Daily Notes

STA 2023H Interesting Data

August 1st
We finished Chapter 8. We discussed Student t-distributions and what happens when you increase sample sizes. The critical value t* needs to be bigger for smaller sample sizes to make sure that the critical regions is still the same area.
We looked at a T-table:
T-table
We discussed how to use the calculator to find a t-interval: STAT, TESTS,8:, then input mean, standard deviation, sample size, and CI-level. The calculator outputs the interval.

We looked at some problems from Ex2S16.pdf which can be found in the discussion section of canvas.

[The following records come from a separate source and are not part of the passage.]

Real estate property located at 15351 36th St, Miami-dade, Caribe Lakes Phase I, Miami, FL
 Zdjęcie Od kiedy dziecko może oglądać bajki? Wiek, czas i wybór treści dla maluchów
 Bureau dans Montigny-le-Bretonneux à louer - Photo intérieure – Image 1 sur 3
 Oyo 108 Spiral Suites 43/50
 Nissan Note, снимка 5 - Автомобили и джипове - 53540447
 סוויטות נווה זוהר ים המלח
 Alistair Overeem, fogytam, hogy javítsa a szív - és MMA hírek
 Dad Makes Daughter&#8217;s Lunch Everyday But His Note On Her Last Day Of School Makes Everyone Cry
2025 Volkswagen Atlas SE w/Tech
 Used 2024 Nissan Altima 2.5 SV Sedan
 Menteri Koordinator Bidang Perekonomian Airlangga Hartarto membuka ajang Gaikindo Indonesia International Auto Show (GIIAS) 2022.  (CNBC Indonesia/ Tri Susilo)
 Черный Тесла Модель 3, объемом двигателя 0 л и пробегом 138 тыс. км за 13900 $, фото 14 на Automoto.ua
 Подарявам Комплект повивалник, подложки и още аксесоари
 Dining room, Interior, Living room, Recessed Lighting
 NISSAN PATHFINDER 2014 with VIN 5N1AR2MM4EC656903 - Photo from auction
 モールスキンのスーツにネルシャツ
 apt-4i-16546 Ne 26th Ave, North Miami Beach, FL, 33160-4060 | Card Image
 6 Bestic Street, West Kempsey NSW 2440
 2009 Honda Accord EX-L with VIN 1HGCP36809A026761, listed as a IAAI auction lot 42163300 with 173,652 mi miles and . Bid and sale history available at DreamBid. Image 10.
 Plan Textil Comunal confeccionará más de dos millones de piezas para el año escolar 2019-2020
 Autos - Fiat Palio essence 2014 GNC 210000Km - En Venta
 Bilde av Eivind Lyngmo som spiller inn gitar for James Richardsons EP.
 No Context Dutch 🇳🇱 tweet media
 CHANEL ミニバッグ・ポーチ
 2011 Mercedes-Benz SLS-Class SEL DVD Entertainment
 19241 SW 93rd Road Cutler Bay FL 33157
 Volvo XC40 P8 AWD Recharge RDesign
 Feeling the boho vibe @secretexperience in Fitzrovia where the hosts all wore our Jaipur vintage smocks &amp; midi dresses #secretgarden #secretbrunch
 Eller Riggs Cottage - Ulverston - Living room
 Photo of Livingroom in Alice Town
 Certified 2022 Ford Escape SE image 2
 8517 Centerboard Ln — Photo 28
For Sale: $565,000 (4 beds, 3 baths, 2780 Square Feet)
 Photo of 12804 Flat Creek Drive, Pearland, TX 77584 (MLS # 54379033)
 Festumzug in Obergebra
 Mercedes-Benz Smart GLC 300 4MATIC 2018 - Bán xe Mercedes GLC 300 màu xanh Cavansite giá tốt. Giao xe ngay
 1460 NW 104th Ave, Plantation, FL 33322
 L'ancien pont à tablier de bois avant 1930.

We did 1., 3. 4., 5., 6., 7., 8.

We then moved into the labs. I mentioned that you should look over problems involving when to use a 1-sample t-test versus 2-sample t-test. For matched pairs use 1-sample t-test on difference of scores.

We talked about correlation and the Pearson correlation coefficient R = r_xy = r.
This is a measure of how linearly related two variables are: (X independent variable, Y dependent variable).
The closer |R| is to 1 the stronger the linear relationship.
R² is called the variance and is the "proportion of the variance in the dependent variable that is predictable from the independent variable." We also say R² is the percent of the variability between the variables that has been accounted for.

We showed how to construct a scatter plot on two columns. =CORREL(X column, Y column)
Richt Click on a data point and then select Add Trendline. Then scroll down to click the box next "Display Equation on Chart" and "Display R-squared value on chart".
The least squares regression line is ŷ = b x̂ +a.
Here b = r s_y/s_x. The line goes through the point (x̄ ȳ).
Notice that b is positive if and only if r is negative. So negative correlation means inverse relationship.
This line is the unique that minimizes the sum of the squares of residuals.

=FORECAST.LINEAR(x, Y column, X column) will produce the output of plugging in x into the least squares regression line.

July 20th
We reviewed a bit more on probability. Showed that a full house has .00144 probability. I found this site that has all of the kinds written out.
Poker Hands
We discussed why the probability of rolling a double with 2 dice is 1/6; similar to rolling a sum of 7.
We collectively rolled the dice 258 times, with an expected value of 43 rolls of a sum of 7, and 43 doubles. We got 42 7s, and 41 doubles. We concluded our discussion on normal distributions. We again discussed the z-score as well as percentiles.
We used the calculator to get from a data point to percentile; use normalcdf(lower, upper,μ, σ).
We discussed how to get from a percentile back to a data point as well as z-score: invnorm(p,μ, σ).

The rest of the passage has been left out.